Furieux, Turnus se ceint à la hâte pour le combat. Déjà, revêtu d’une cuirasse rutilante, il était hérissé d’écaillés d’airain et ses jambes étaient emprisonnées dans l’or des cuissards; le front encore nu, il avait suspendu son épée à son côté; il descendait à grands pas de la haute citadelle, resplendissant d’or; son cœur exulte; il se croit déjà en présence de l’ennemi. Ainsi, lorsque, ses liens rompus, le cheval enfin libre s’échappe de l’écurie et s’empare de la plaine ouverte; il court, tantôt vers les pâturages et les troupes de cavales, tantôt vers les eaux familières où il aime à se baigner; il bondit, frémissant, la tête dressée haut, dans sa force fougueuse; et sa crinière joue sur son cou et sur ses épaules.
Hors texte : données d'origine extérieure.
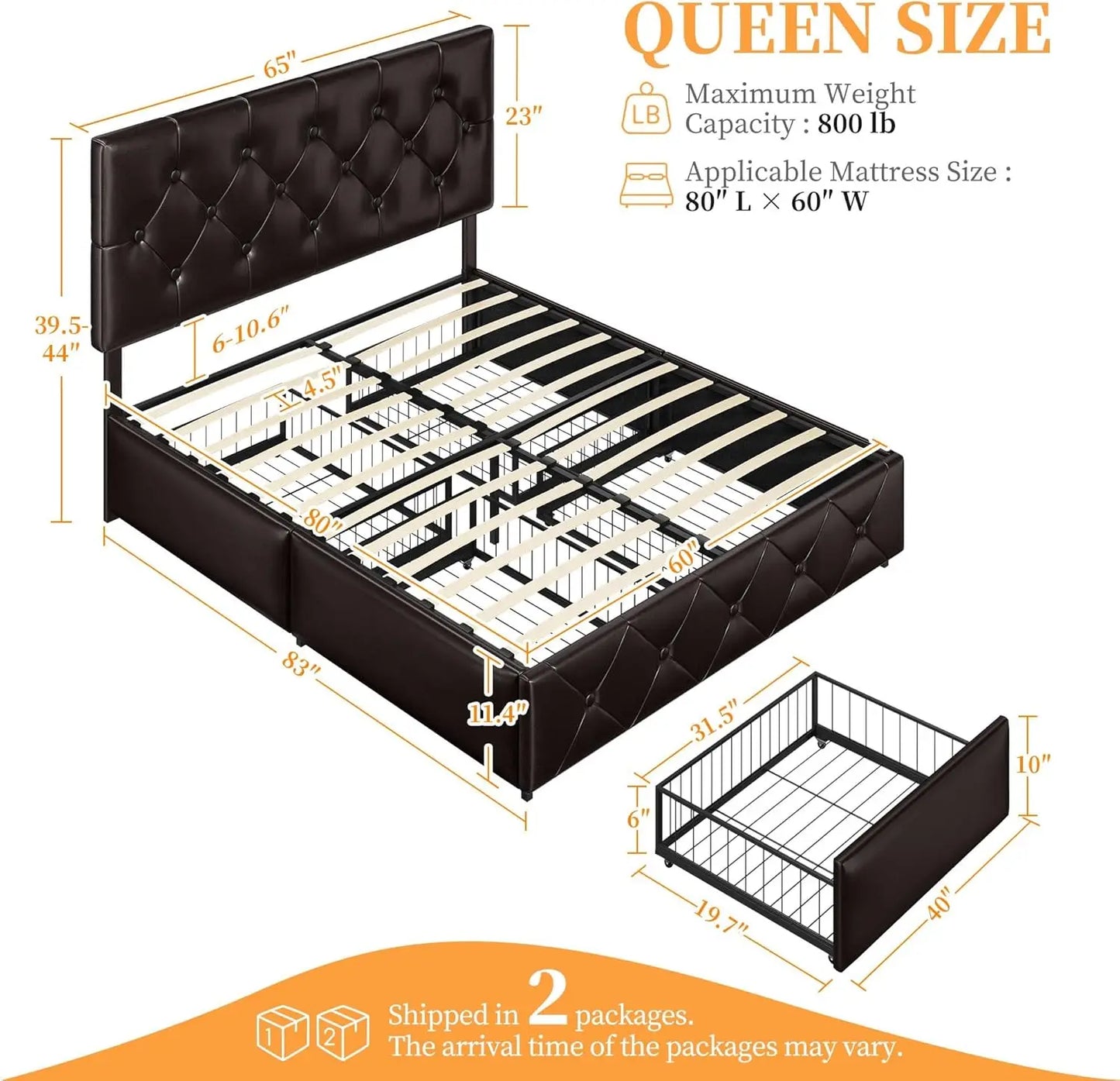 Queen Size Upholstered Bed Frame with 4 Drawers and Adjustable Headboard, Faux Leather Platform Bed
Au-devant de lui, suivie de la cavalerie des Volsques, Camille s’avance; elle a sauté de cheval aux portes mêmes; et tous ses cavaliers imitant leur reine se laissent glisser à terre de leurs montures. Alors elle dit: «Turnus, si le courage a le droit de compter sur lui-même, j’oserai, je te le promets, marcher contre l’escadron des Énéades, et seule j’affronterai les cavaliers tyrrhéniens. Accorde-moi de tenter les premiers périls de la guerre; pour toi, reste auprès des murs avec l’infanterie et veille sur les remparts.» Turnus, les yeux fixés sur la vierge avec un frisson sacré, répond: «Honneur de l’Italie, ô vierge, comment te rendre grâces et reconnaître tes services? Mais, puisque ton âme est au-dessus de tout, partage pour l’instant les travaux avec moi. Énée, si j’en crois le bruit qui court et les rapports des éclaireurs, acharné contre nous, a détaché en avant sa cavalerie légère qui doit battre la plaine. Lui-même, par les âpres solitudes de la montagne, dont il franchit la cime, s’approche de la ville. Je lui prépare une embuscade dans un chemin creux de la forêt: des soldats armés occuperont le défilé à la croisée de deux chemins. Toi, reçois le choc de la cavalerie tyrrhénienne en bataille rangée. Tu auras à tes côtés l’impétueux Messape, les escadrons latins, les troupes de Tiburtus: toi aussi, charge-toi des soucis du commandement.» Il dit; et il exhorte par de pareils discours Messape et les chefs alliés et il marche à l’ennemi.

Une vallée aux tortueux détours se prêtait aux surprises et aux pièges de la guerre; des deux côtés les sombres flancs la pressent d’une épaisse forêt: un mince sentier y conduit par une gorge étroite et d’un méchant abord. Au-dessus de cette vallée, sur les sommets et tout au haut de la montagne, s’étend un invisible plateau, poste sûr d’où l’on peut à droite ou à gauche fondre sur l’ennemi, à moins qu’on ne préfère, sans quitter les hauteurs, faire rouler sur lui d’énormes rocs. Le jeune homme s’y porte par des routes dont il sait où elles le mènent. Il s’est emparé de cette position et s’est embusqué dans cette forêt traîtresse.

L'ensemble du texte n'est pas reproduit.